В беспокойстве своем, лишь бы отвратить грозивший удар, английское правительство прибегало ко всем средствам, даже к тем, которые нравственность строго осуждала. Мы видели, что упорство в поддержании преступных намерений значительно способствовало новому разрыву двух держав. Конечно, диверсии — одно из обычных вспомогательных средств войны, а возмущение провинций считается одной из наиболее эффективных диверсий, к которой очень охотно прибегают. Если англичане покушались возмутить Вандею, Первый консул платил им за это намерением возмутить Ирландию. Средство вражды было взаимно и очень популярно. Но в то время вандейское возмущение представлялось решительно несбыточным. Услуги шуанов и их предводителя Жоржа Кадудаля могли иметь одно только назначение — какую-нибудь гнусную попытку вроде адской машины и тому подобного. Простирать средства возмущения до попытки низвергнуть правительство значило прибегать к мерам очень сомнительным, но устраивать то же, покушаясь на правительственные лица — значит переступать все пределы международного права, признанные между нациями.

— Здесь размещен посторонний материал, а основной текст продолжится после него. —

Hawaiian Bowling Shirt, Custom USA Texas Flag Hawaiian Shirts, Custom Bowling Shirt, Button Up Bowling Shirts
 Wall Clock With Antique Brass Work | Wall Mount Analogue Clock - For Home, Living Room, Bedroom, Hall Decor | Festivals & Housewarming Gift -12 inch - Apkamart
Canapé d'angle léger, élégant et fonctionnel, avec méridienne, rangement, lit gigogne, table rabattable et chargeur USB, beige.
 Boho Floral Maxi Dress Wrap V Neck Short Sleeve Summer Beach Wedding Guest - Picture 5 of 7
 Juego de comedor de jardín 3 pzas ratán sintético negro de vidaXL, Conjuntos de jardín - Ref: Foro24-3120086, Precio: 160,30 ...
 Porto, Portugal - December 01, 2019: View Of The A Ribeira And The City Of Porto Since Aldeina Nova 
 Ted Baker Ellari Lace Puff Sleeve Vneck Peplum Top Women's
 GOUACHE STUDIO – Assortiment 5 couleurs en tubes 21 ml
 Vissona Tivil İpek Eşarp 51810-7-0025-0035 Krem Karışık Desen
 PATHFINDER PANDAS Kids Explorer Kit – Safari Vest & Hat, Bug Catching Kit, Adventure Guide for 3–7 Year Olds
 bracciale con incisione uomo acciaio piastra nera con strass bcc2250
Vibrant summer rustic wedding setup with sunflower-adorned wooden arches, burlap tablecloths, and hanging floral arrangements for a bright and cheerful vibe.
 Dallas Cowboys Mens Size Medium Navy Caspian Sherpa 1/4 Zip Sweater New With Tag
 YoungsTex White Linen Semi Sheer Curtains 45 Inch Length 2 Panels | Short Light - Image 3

Впрочем, пусть сами факты покажут степень вовлеченности английских министров в преступные планы, которые снова затеяла французская эмиграция, проживавшая в Лондоне. Читатель помнит страшного предводителя морбиганских шуанов Жоржа Кадудаля, который устоял против обаяния Первого консула и удалился сперва в Бретань, а потом в Англию. Он жил в Лондоне в полном довольстве, раздавая французским беглецам суммы, полученные от английского правительства, и проводя время в обществе изгнанных принцев, особенно двух наиболее деятельных из них, графа д’Артуа и герцога Берри. То, что принцам хотелось возвратиться во Францию, — дело понятное, что они хотели достичь этого междоусобной войной — вещь весьма обыкновенная, но, к несчастью для их репутаций, они уже не могли рассчитывать на междоусобную войну, а только на заговоры и убийства.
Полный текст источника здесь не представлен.